I can do nothing but speculate as to why my session variable is exceeding 4KB?? Is it possible that the tournament object I pass through the flash variable contains all the associations as well?

Here is the dump of my session once I get the error.

Hope this is enough info to help me out :)

Thanks

Session Dump

_csrf_token: "xxxxxxxxxxxxxxxxxxxxxxxxxxxxxxxx"
flash: {:tournament=>#<Tournament id: nil, tournament_name: "asd", tournament_description: "asdasd", game_id: 1, number_of_teams: 16, start_date: "2011-04-30 00:00:00", tournament_style: "single elimination", tournament_status: "Drafting", active: true, created_at: "2011-04-30 10:07:28", updated_at: "2011-04-30 10:07:28">}
player_id: 1
session_id: "4e5119cbaee3d5d09111f49cf47aa8fa"
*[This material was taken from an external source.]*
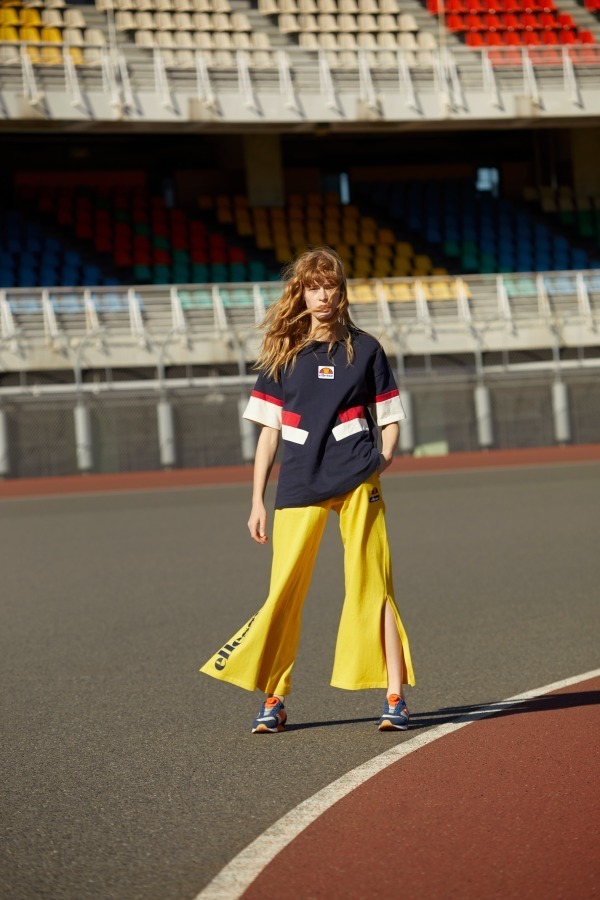 エレッセ ヘリテージ(ellesse HERITAGE) 2019年春夏ウィメンズ&メンズコレクション  - 写真5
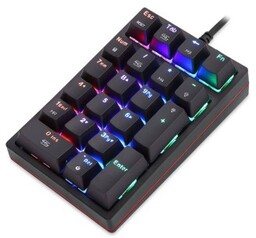 Motospeed Klawiatura numeryczna keypad K24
About dependencies, it is possible. Also save an ActiveRecord instance in the session is not a recommended aproach. You should save only the id. If you need it in all your requests use a before filter to retrieve it.

You can read more why is a bad idea at: http://asciicasts.com/episodes/13-dangers-of-model-in-session


The generally accepted and recommended approach is to not use a redirect on error, but a direct render instead. The standard "controller formula" is this:

def create
  @tournament = Tournament.new(params[:tournament])
  if @tournament.save
    redirect ...
  else
    render 'new'  # which will have access to the errors on the @tournament object and any other instance variable you may define
  end
end

class Tournament < ActiveRecord::Base
  before_create :set_up_legs
end

On successful saving, you can drop all instance variables (thereby wiping the in-memory state) and redirect to another page. On failure (or exception) you keep the object in memory and render a view template instead (typically the 'new' or 'edit' form page). If you're using standard Rails validation and error handling, then the object will have an errors array that you can just display.

I'd also recommend you use ActiveRecord associations which automatically give you transactions. If you push all this into the model, e.g. a "set_up_legs" method or something, then you can use ActiveRecord error handling. This is part of the "skinny controller, fat model" paradigm.


in session_store.rb, uncomment the last line with :active_record_store Now restart the server


I would convert the exception to string before assigning it to flash[:tournament] with 'to_s'. I had the same error and it seems assigning an exception object to a session variabla like flash means it takes the whole stack trace with it into the session. Try it, worked for me.